Not infrequently, this response is met with concern. But this decision is intended to help your team get more done. A big part of getting results as a team lies in each team member having accountability for the work they are doing. Without having a clear, single task owner, much of that accountability is lost and consequently, the completion of a task hangs in the balance.
When nobody knows who’s doing what, and when someone doesn’t feel ultimately responsible for driving work forward, the work may not happen at all.
Let’s say there were two assignees on a task, one person may think the other has the ball, and vice versa. The work may never get done, and even worse, the blame game may start. When nobody knows who’s doing what, and when someone doesn’t feel ultimately responsible for driving work forward, the work may not happen at all.

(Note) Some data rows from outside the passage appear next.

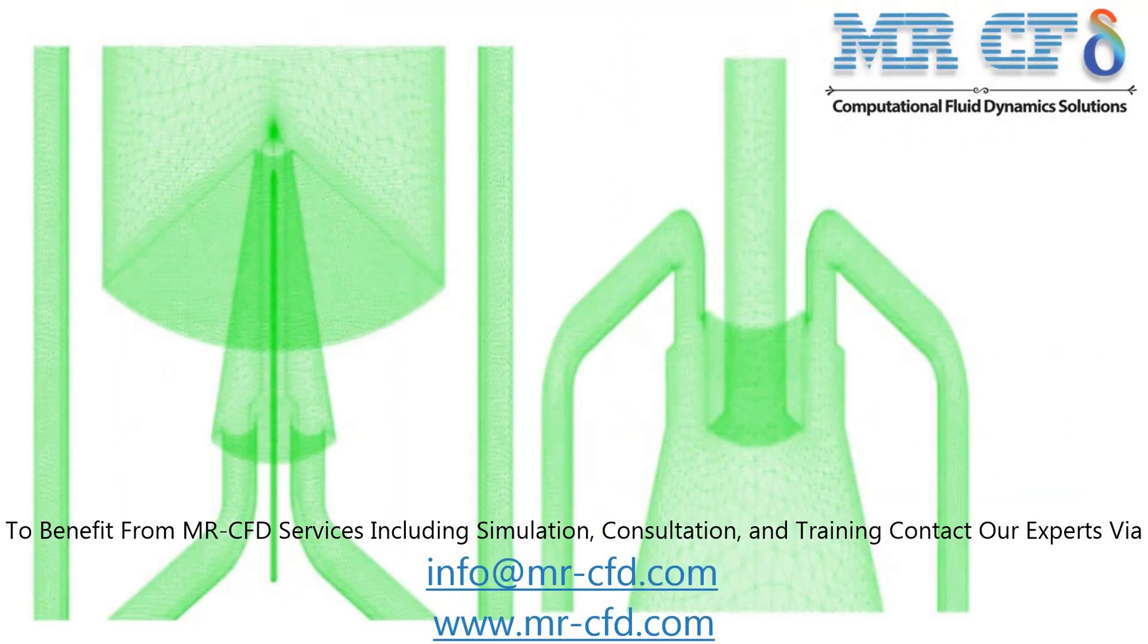The meshing of the present model is performed by ANSYS Meshing software. The mesh was unstructured and the element number was equal to 1,107,286. In the inlet and outlet sections, the boundary layer mesh is used to increase the accuracy of the fluid behavior.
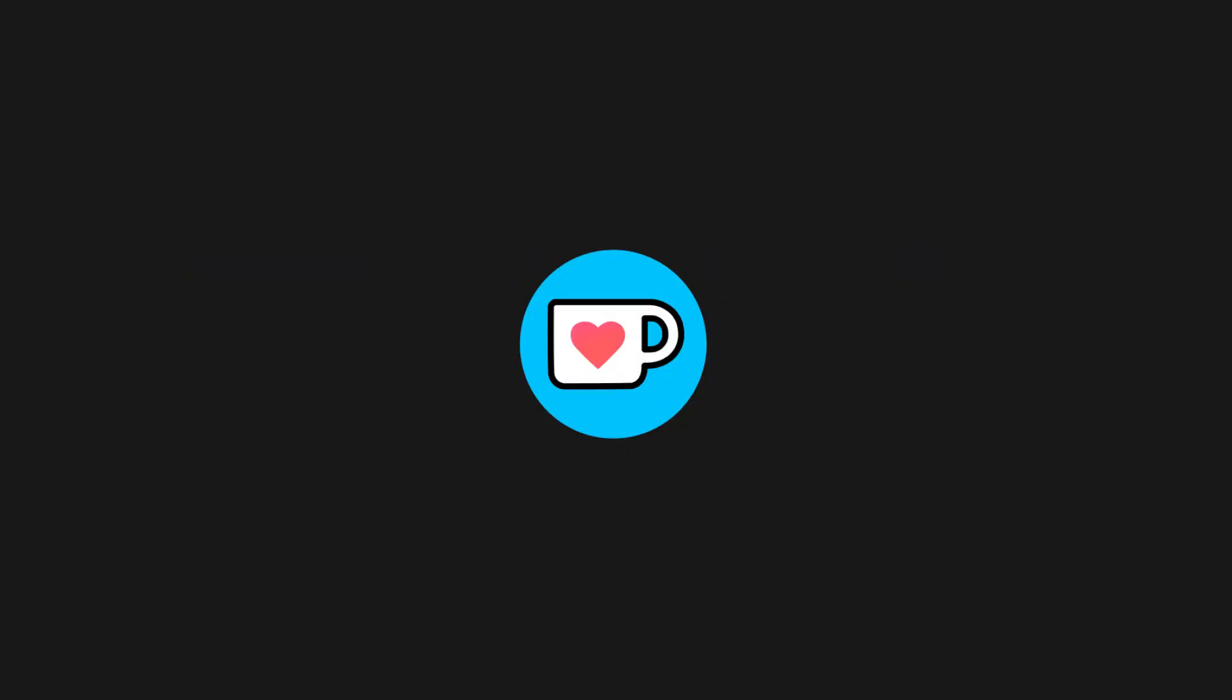You can find the PlatformIO project of this demonstration in the accompanying repository. If you like this content and think it is useful, consider a donation with Ko-fi, as that helps me making this content.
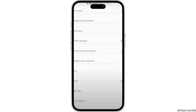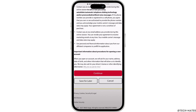Now double-check all the information for accuracy and then submit your application. You might receive a decision immediately, but it can take longer in some cases. You will receive a confirmation email regarding your application status. If approved, your card will arrive in the mail within a few days.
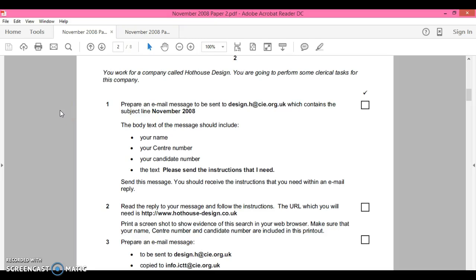Welcome to part one of the November 2008 past paper. What we're going to do is upload as many past papers as I can with instructions that you'll need to follow. You'll find these files on Moodle. If not, click on the link in the description which will take you to the files you're going to need. I believe these files are from ICT Lounge.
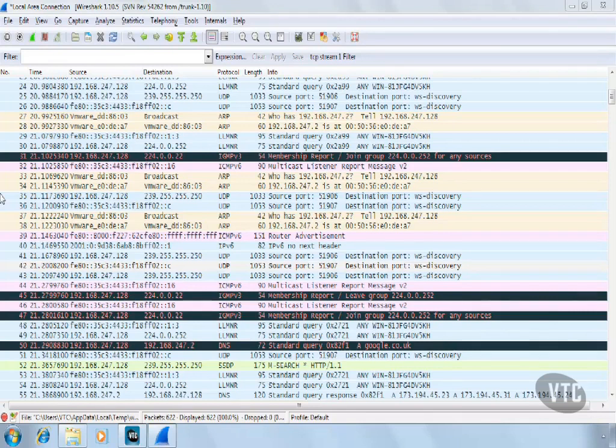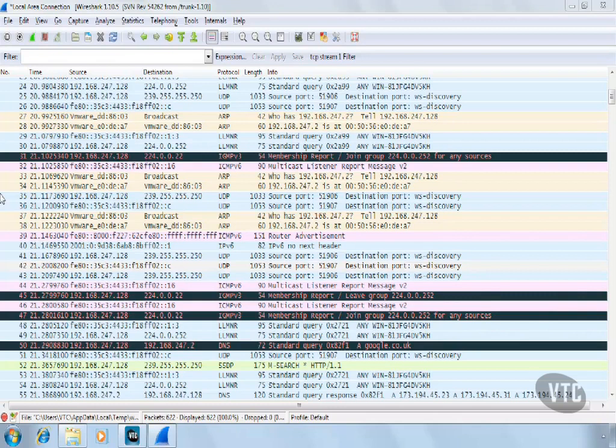For this video, I have removed the Packet Display window and the Packet Bytes window. The current view on your screen is the Packet List window.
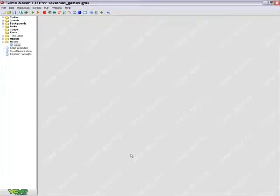In this video I'll introduce saving and loading games, as well as how to make a really cool menu.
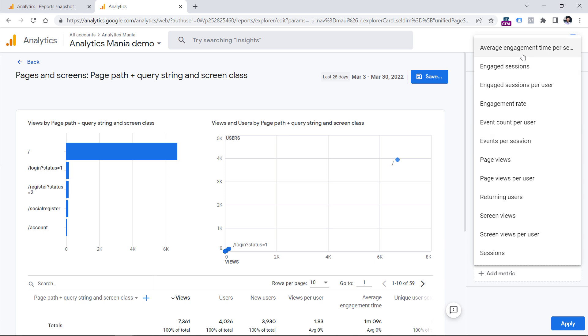Right now when I'm recording this video, this is not possible. But maybe if in the future they expand the functionality of Google Analytics, maybe that exits metric will also be available right here.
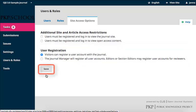When you've completed your modifications, click Save. And that concludes this unit, as well as concludes Module 11.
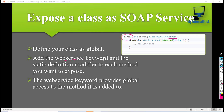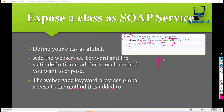The next thing is to add the webservice keyword and the static definition modifier to each method you want to expose. Inside of this Apex class, whichever methods you want an external system to call, you have to decorate that method with the webservice keyword and make the method static. The webservice keyword provides global access to the method, so that systems outside of Salesforce will be able to access it.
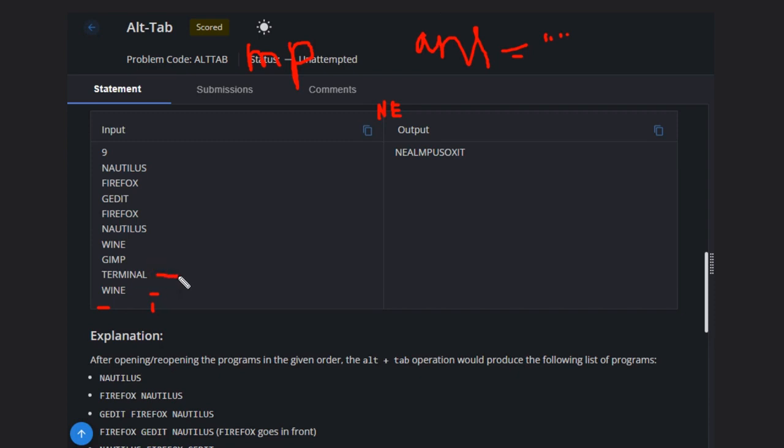This is also not again, so we will take the last two characters and add to the answer. The answer will be updated at each point. NAUTILUS, so GIMP is also not there, so we will do GIMP.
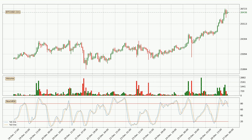Looking at the hourly Stochastic RSI, there are no signs of the Stochastic RSI being oversold or overbought at this time, but we can see that the trend is currently going down because the K line is below the D line.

We based the one assignee concept on Apple’s DRI (directly responsible individual) model, which emphasizes individual ownership, responsibility, and ultimately, execution. When responsibilities are clear and transparent, everyone on the team can feel personally accountable for a project’s successful completion.
Still not convinced? Here’s a way to break up the work, but still just have one assignee: use one assignee on the parent task so the person ultimately responsible for making sure deadlines are met. Then, create subtasks, assigned to different members of the team. Divide up pieces of work across the team, but make sure someone is on the line to get the overall job done.
Want to loop in multiple people/potential assignees on a task? Simply add them as followers by @ mentioning them. This way, one person can choose to claim ownership of the task while everyone will continue to receive notifications with new comments and updates. By creating subtasks for different pieces of work, assigned to different teammates, you’ll also be able to divvy up responsibility and reassign the original task to one of the followers–which is made easier by assigning copies of tasks. Good practice is also to ensure that subtask owners are also followers of the original task.